Work task »
Pictures stay out. Extract the lines below from the first one through the line with "Selfie von jungen", both included.

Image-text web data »
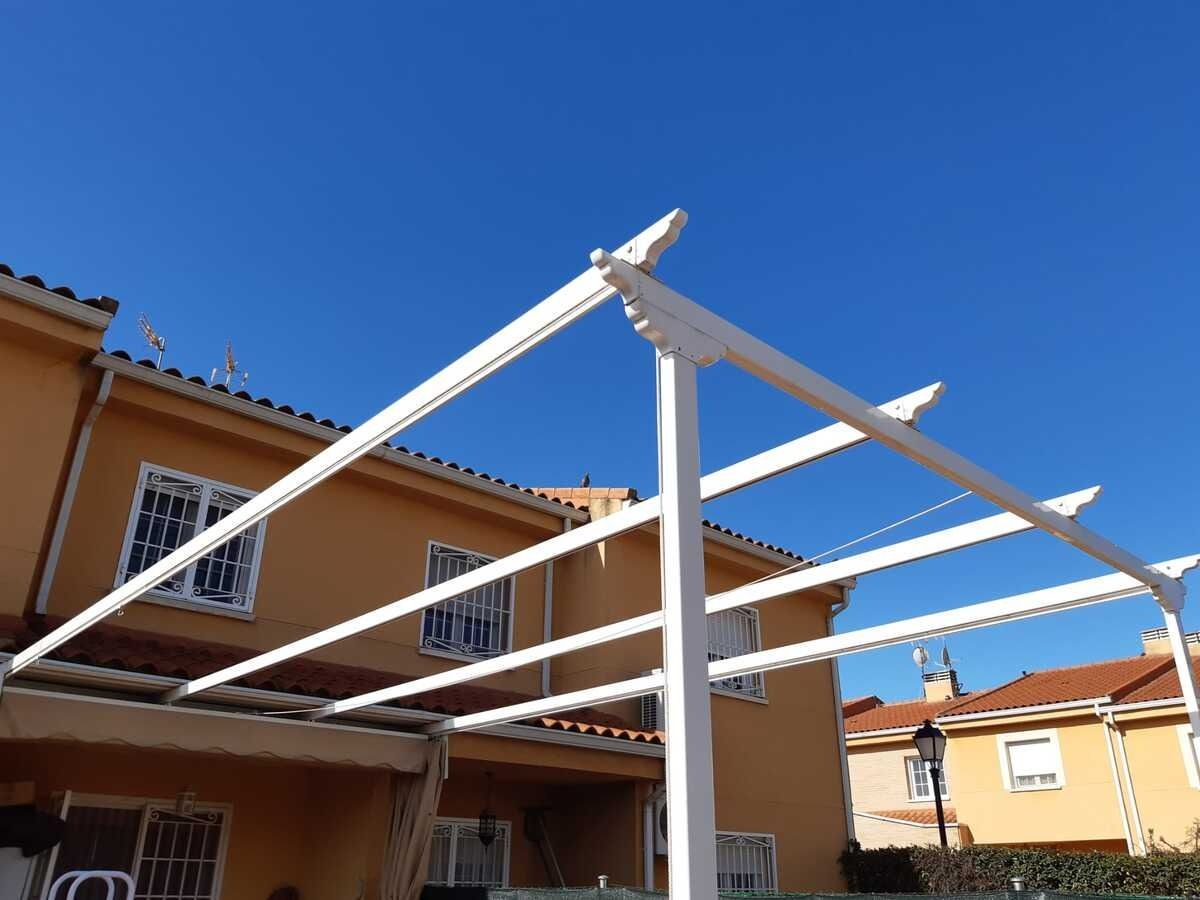 Se está construyendo una pérgola blanca delante de una casa.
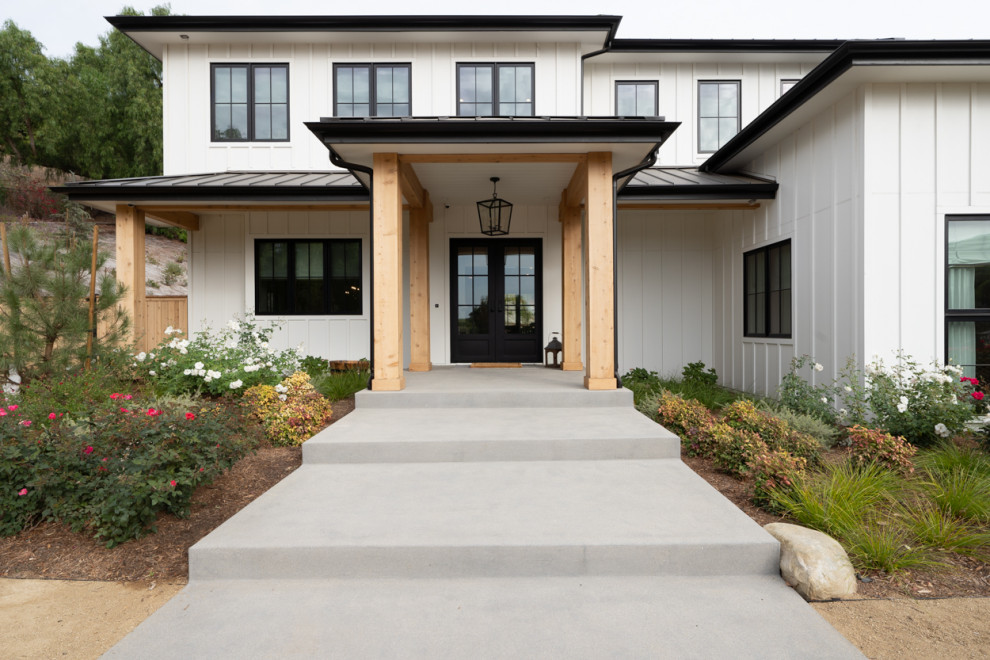 Inspiration for an expansive country two-storey white house exterior in Los Angeles with mixed siding and a black roof.
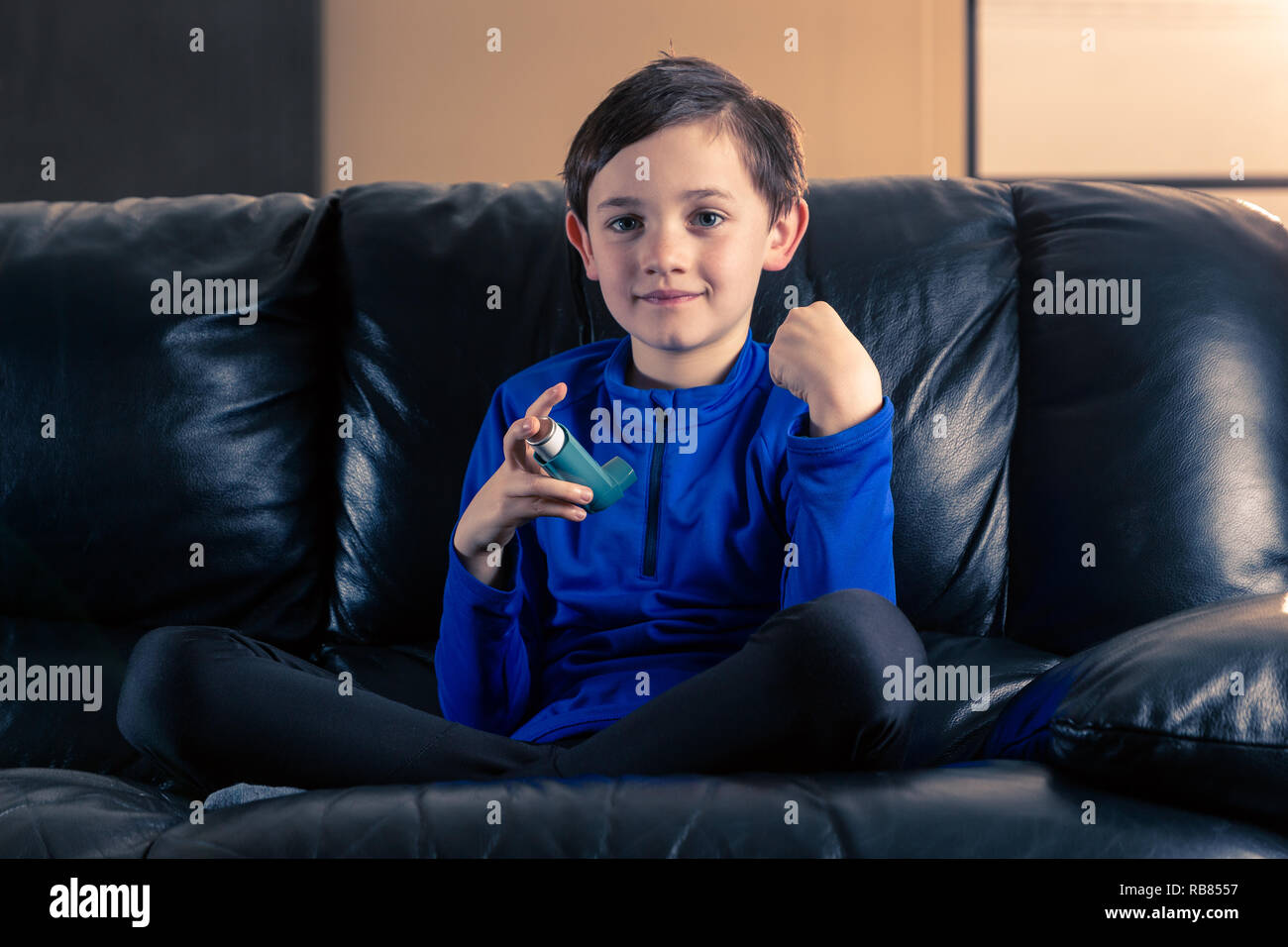 8 ans portant des vêtements sportifs souffrant d'asthme inhalateur assis dans le canapé avec poing serré. Concepts : la santé, la maladie, le dopage Banque D'Images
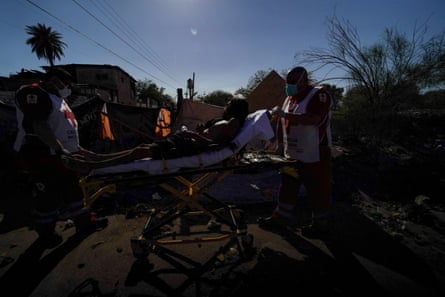 Red Cross paramedics wheel a homeless man showing symptoms of heat exhaustion to an ambulance during the ongoing heatwave in Mexicali, Mexico, on 20 July 2023.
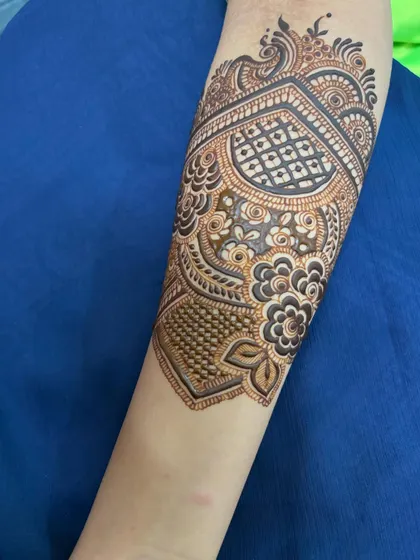 A close-up of the arm band, featuring a heart-shaped pattern filled with delicate netting.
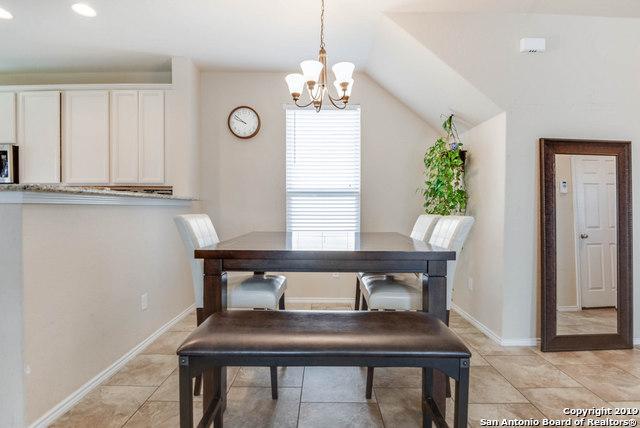 414 Harvest Pt, Selma, TX 78154 - dining space featuring a chandelier, lofted ceiling, baseboards, recessed lighting, and light tile patterned flooring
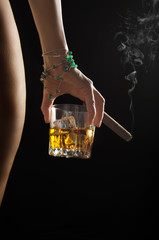 Caucasian model holds glass of whiskey with icecubes and smoking cigar in her hand near naked buttock and hip on dark background closeup studio shot - obrazy, fototapety, plakaty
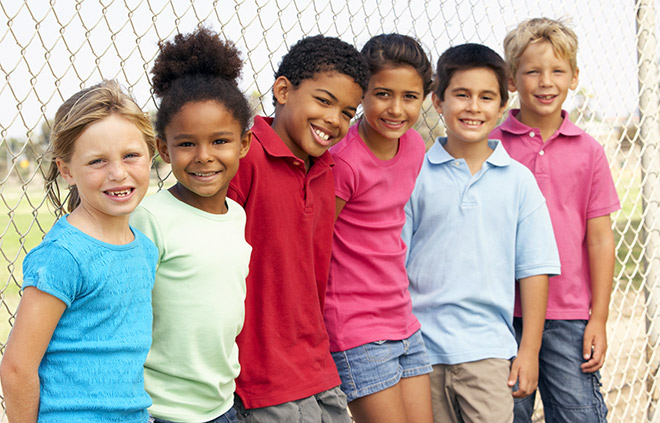 Different children smiling and standing next to a fence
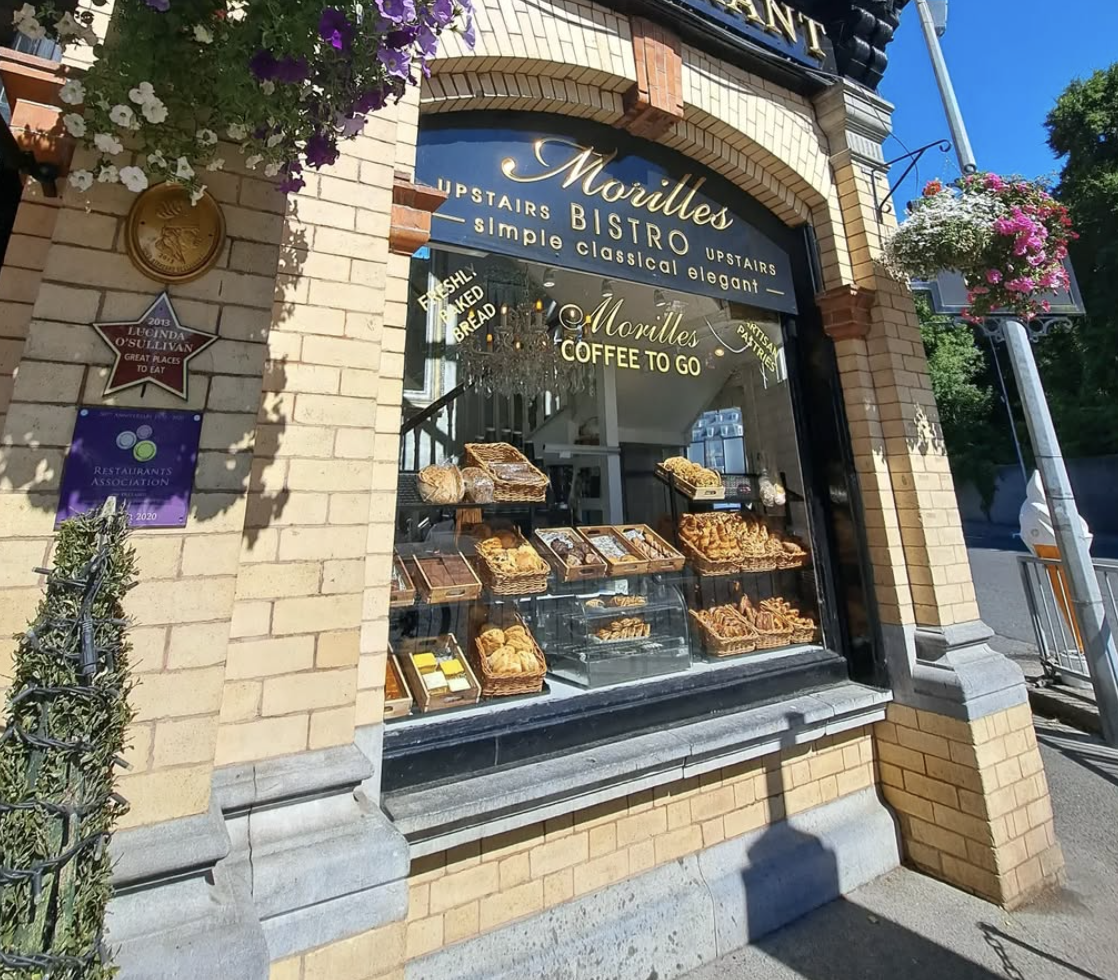 Bistro storefront with pastries on display, offering coffee to go; brick exterior and hanging flowers enhance charm.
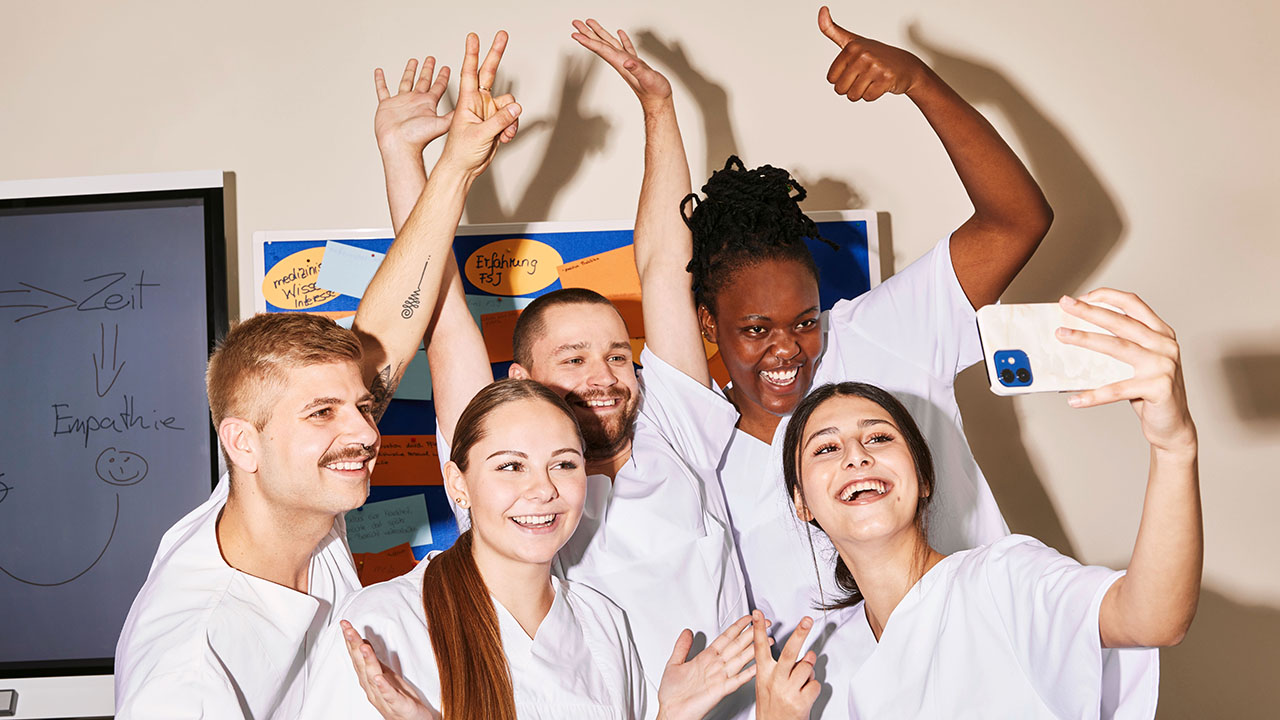 Selfie von jungen Menschen in weißer Pflegebekleidung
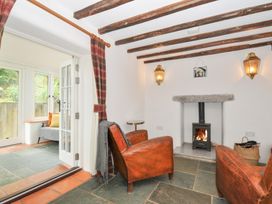 A living room with an armchair and a wood stove at Rose Cottage Okehampton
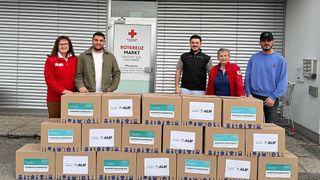 Fünf Personen stehen lächelnd hinter einem Stapel Kartons, die mit Illustrationen und den Worten 'Kumanya Kampanyas' beschriftet sind. Über ihnen steht ein Schild mit der Aufschrift 'Rotkreuz Mark'. Die Umgebung ist im Freien.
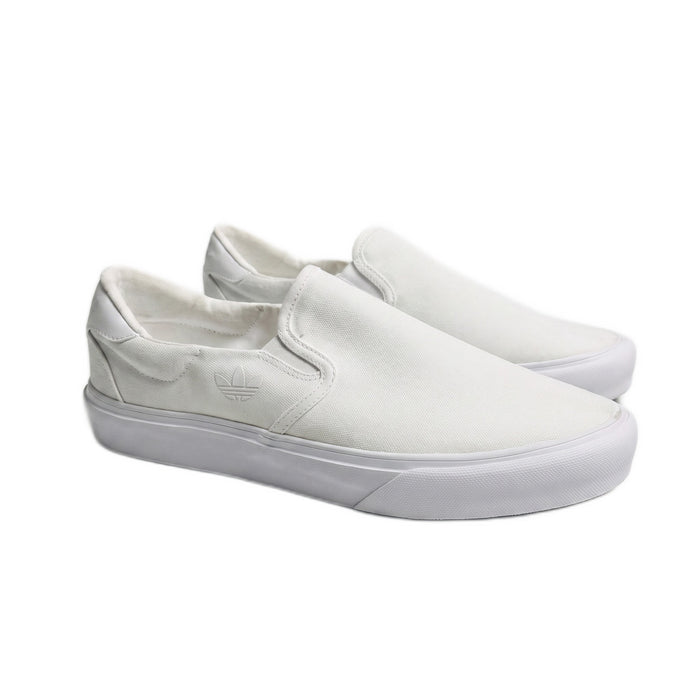 Three-quarter view of both white canvas slip-on sneakers on a white background.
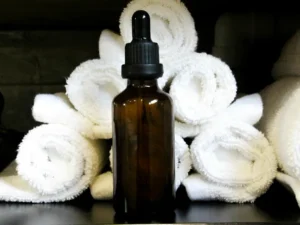 Rolled white towels with an amber glass dropper bottle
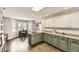 Lovely kitchen featuring two-toned cabinets, a kitchen island, stainless steel appliances, and a breakfast nook at 4305 Red Rock Dr, Larkspur, CO 80118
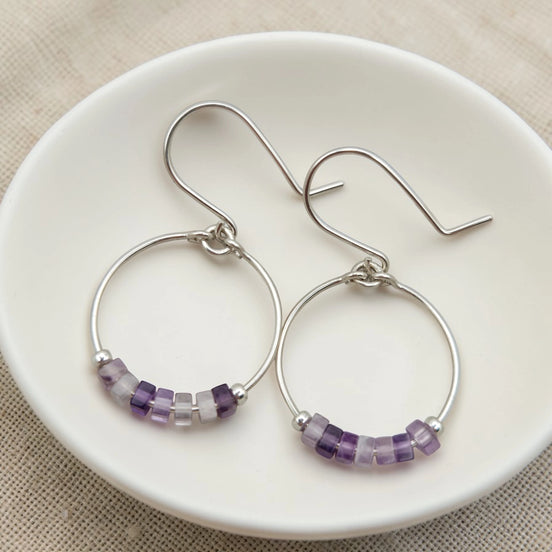 Silver hoop earrings with amethyst beads on a white plate.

Result of this exercise »
 Se está construyendo una pérgola blanca delante de una casa.
 Inspiration for an expansive country two-storey white house exterior in Los Angeles with mixed siding and a black roof.
 8 ans portant des vêtements sportifs souffrant d'asthme inhalateur assis dans le canapé avec poing serré. Concepts : la santé, la maladie, le dopage Banque D'Images
 Red Cross paramedics wheel a homeless man showing symptoms of heat exhaustion to an ambulance during the ongoing heatwave in Mexicali, Mexico, on 20 July 2023.
 A close-up of the arm band, featuring a heart-shaped pattern filled with delicate netting.
 414 Harvest Pt, Selma, TX 78154 - dining space featuring a chandelier, lofted ceiling, baseboards, recessed lighting, and light tile patterned flooring
 Caucasian model holds glass of whiskey with icecubes and smoking cigar in her hand near naked buttock and hip on dark background closeup studio shot - obrazy, fototapety, plakaty
 Different children smiling and standing next to a fence
 Bistro storefront with pastries on display, offering coffee to go; brick exterior and hanging flowers enhance charm.
 Selfie von jungen Menschen in weißer Pflegebekleidung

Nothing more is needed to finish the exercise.